Desirability is about laying out principles and goals, ‘the emphasis being on the enunciation of abstract principles rather than actual institutional designs’ (Wright, 2007: 27). Viability is about designing new policies and institutions based on such desirable principles, ‘a response to the perpetual objection to radical egalitarian proposals “it sounds good on paper, but it will never work”’; examples of viability include ‘systematic theoretical models of how particular social structures and institutions would work, and empirical studies of cases, both historical and contemporary, where at least some aspects of the proposal have been tried’ (Wright, 2007). Achievability is about strategies for transformation: ‘It asks of proposals for social change that have passed the test of desirability and viability, what it would take to actually implement them’ (Wright, 2007: 27).

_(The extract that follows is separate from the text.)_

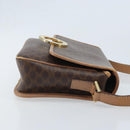 CELINE Macadam Canvas Circle Shoulder Bag PVC Leather Brown Gold Auth YKZ528-3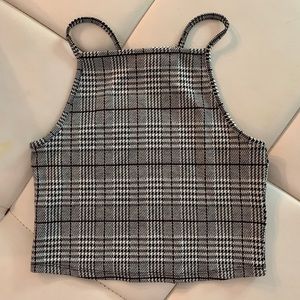 Checkered high neck tank with racer back size S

Wright (2006) argues that these three criteria are ‘nested in a kind of hierarchy: Not all desirable alternatives are viable, and not all viable alternatives are achievable’ (p. 96). The aim, and hope, is to find positive answers to three questions: what do we want? Is it possible? How do we achieve it?
Milton Friedman, one of the godfathers of neoliberalism, wrote the words with which we started this section in the 1960s when it was a marginalised creed. Yet Friedman (and others) followed his own advice, and were ready to take advantage when the preceding dominant political order – Keynesian social democracy – declined in the 1970s. They could be called dreamers, but dreamers who put in a lot of hard work not only re-thinking and re-conceptualising the political and economic order, but how that re-conceptualised order might be implemented: re-thinking, re-conceptualising and re-forming work that addressed desirability, viability and achievability. We can learn from their example.
A final reflection on moving from dreaming to doing, from re-thinking through re-conceptualising to re-forming. The dreaming and the doing needs to be commensurate to the scale, complexity and entanglement of the many crises that form the polycrisis. Re-thinking and re-conceptualising early childhood education, all education, cannot be done in isolation; it must be done in dialogue with other education sectors, and the education field needs to be in dialogue with many other fields, for example those working on issues of environmental, social and economic sustainability and democratic renewal. Reconceptualists of the world unite!
What do we need to re-think, re-conceptualise and re-form?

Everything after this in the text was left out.